Bengal Bouts: Chasing dreams
Kyle Cassily | Friday, March 3, 2006
Chris Calderone knows from experience that to be the best, you have to beat the best.
The junior Bengal Bouts captain and No. 1 seed in the 155-pound weight class has faced a tough draw of opponents in the past and says he is ready to be the top fighter in this year’s Bouts.
As a freshman in the 160-pound weight class, Calderone won in the preliminaries, only to drop a tough bout in the quarterfinals to eventual champion Colin Kerrigan.
The next year – his first at 155 – Calderone slugged his way to the semifinals where he faced Bengal Bouts president Galen Loughery. Loughery knocked off Calderone and went on to win the weight class.

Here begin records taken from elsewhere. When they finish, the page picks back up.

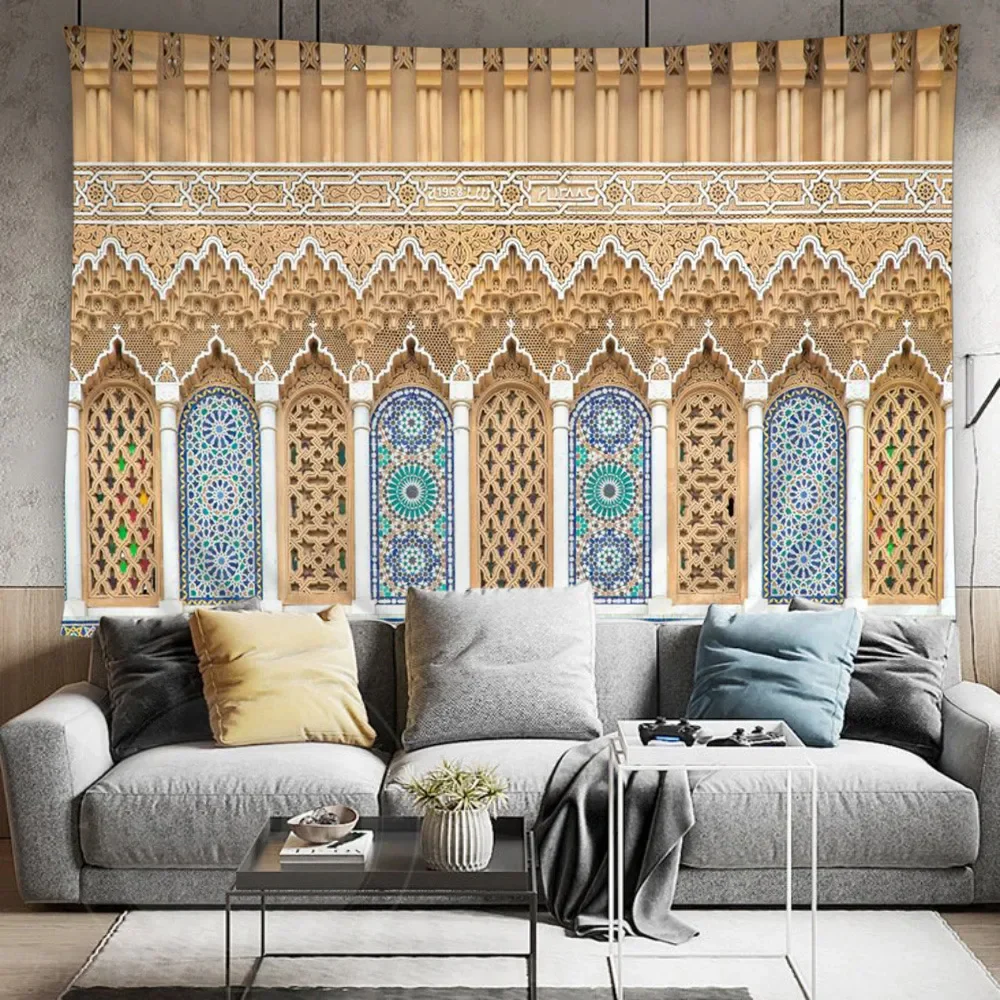 Moroccan Architectural Tapestry Wall Hanging Islamic Vintage Luxury Geometric European Bohemian Home Decor Tapestry Mural Screen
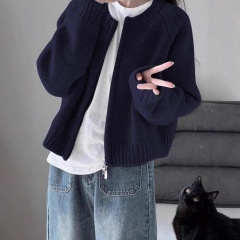 藏蓝圆领针织开衫女秋冬学院风软糯百搭学生潮牌毛衣外套拉链卫衣
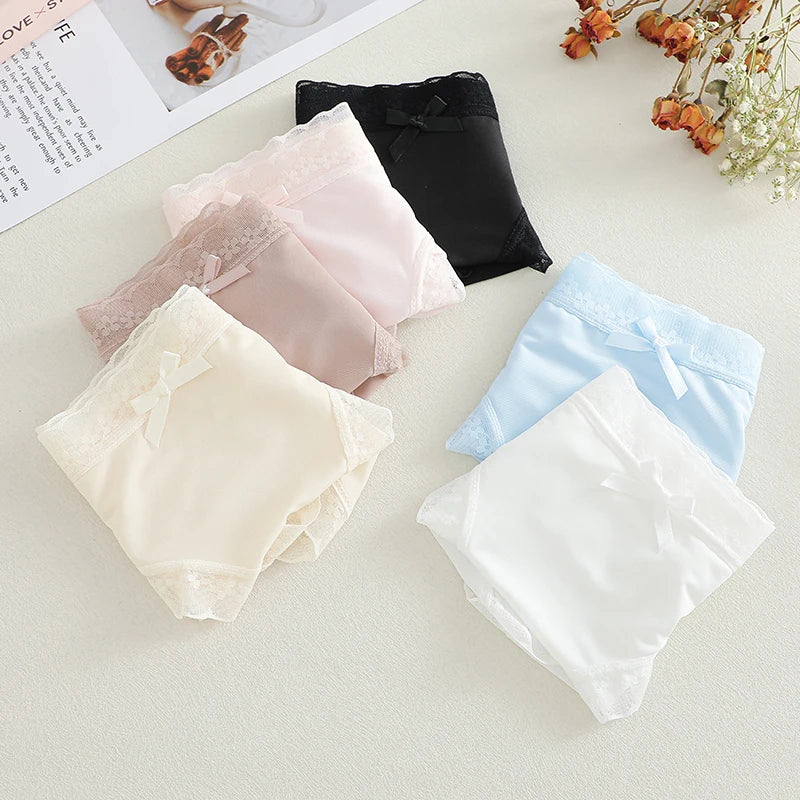 CowLost | activewear-pants-3pcs-seamless-ice-silk-lace-panties-set |3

For the second straight year, Calderone had been handed defeat at the hands of the champion.
“It made it harder because it felt like, ‘Wow, I would have won the whole thing,” Calderone said.
“I’m not pushing anything but I’m hoping to win the whole thing,” he said of his hopes for this year’s Bouts.

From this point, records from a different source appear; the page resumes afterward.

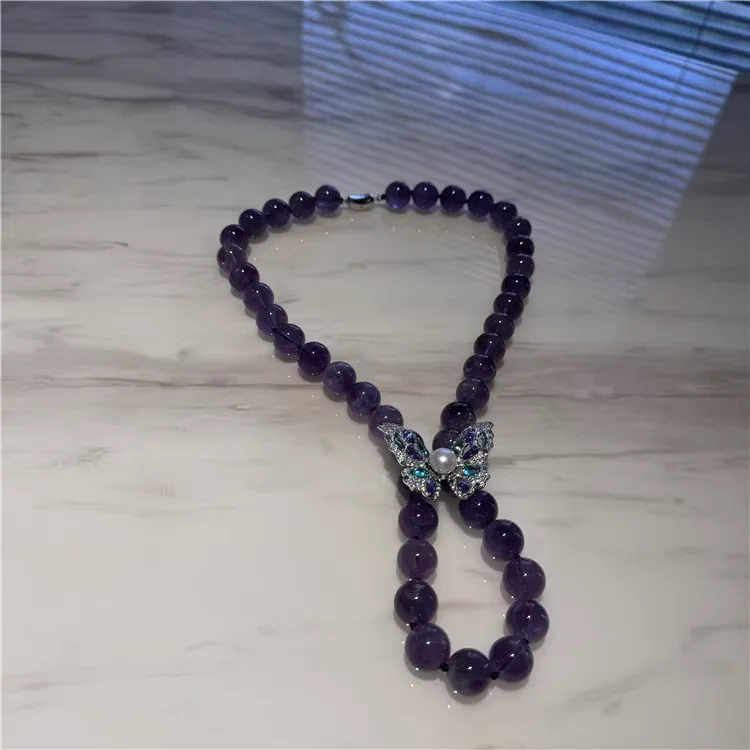 14mm AA+ Natural Round Purple Amethyst Quartz Stone Necklace With Butterfly Brooch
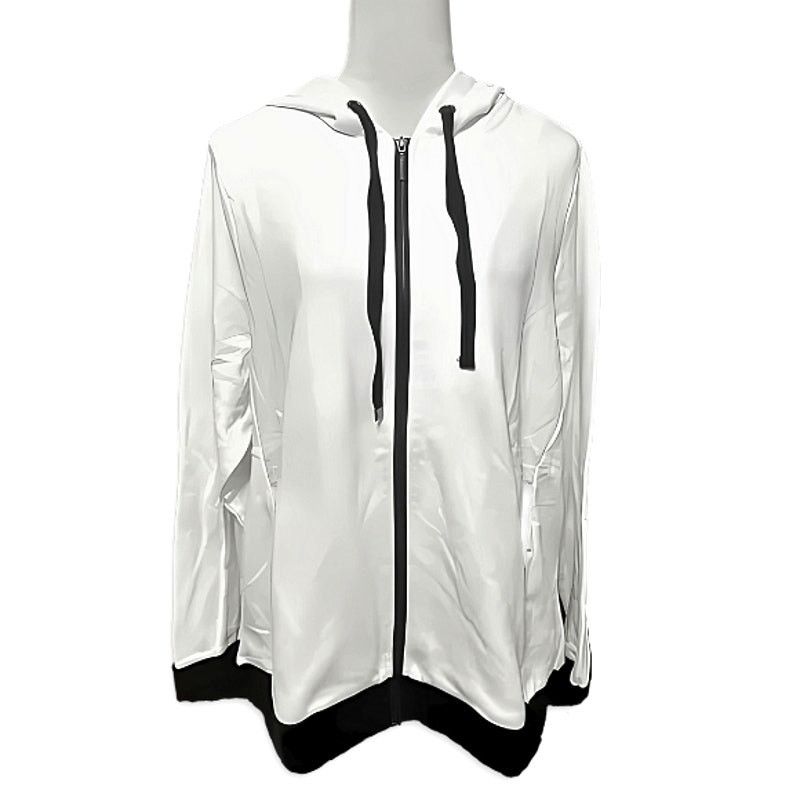 Other Societie Plus Hoodie Jacket Full Front Zip-Up White 18 NWOT Size XXL / US 16-18 / IT 52-54 - 3 Thumbnail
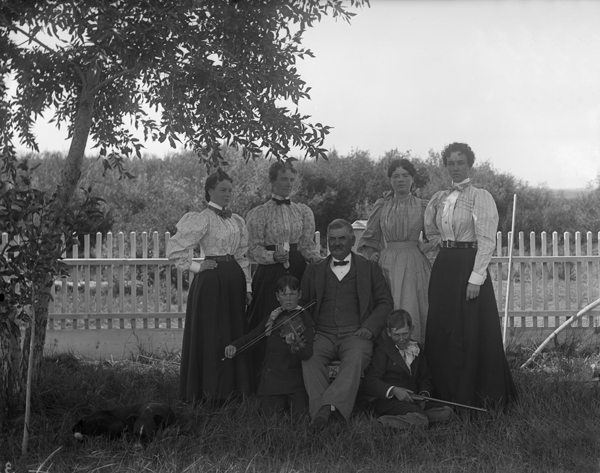 Portrait of Cowan Family Group at Cowan Ranch Near Bozeman, Montana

Calderone’s interest in boxing grew out of the lack of another sport at Notre Dame – varsity wrestling. Calderone wrestled for four years in high school and joined the Boxing Club in search of a substitute to the sport.
“I kind of ended up liking boxing better,” he said. “I just really liked the sport and the whole Bengal Bouts program was just great. It’s a teamwork thing, but you also get to compete individually too.”

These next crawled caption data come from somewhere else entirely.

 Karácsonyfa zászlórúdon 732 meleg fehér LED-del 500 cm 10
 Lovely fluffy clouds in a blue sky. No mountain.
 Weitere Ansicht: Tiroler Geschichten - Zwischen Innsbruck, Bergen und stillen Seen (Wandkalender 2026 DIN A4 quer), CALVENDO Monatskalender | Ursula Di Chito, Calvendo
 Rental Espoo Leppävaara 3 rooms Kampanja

Calderone admitted that when he joined Bengal Bouts he did not know much about the charity side of the event. Since then he has learned the value of the Congregation of the Holy Cross’ Bangladesh missions.
“After I became a part of [the Boxing Club], it was added incentive to stay with it,” he said of the missions that Bengal Bouts funds. “It gives added purpose to it. You’re not just boxing for the heck of it; your boxing for a great cause.”
Calderone said he enjoys the group training aspect of the club, as it gives a sense of teamwork and friendship akin to high school athletic teams. And now that the former Morrissey resident lives off-campus, Calderone enjoys training with comrades he doesn’t have the ability to see as often.
“You make some great friendships,” he said. “Everyone’s working together, you’re holding mitts for other kids, you’re pushing each other.”
Now that he is a junior captain, Calderone relishes the opportunity to improve the skills of underclassmen and be a leader in such a respected program.
“We had some great upperclassmen that taught me as a freshman,” he said. “It’s probably been the best thing I’ve done at Notre Dame so far.”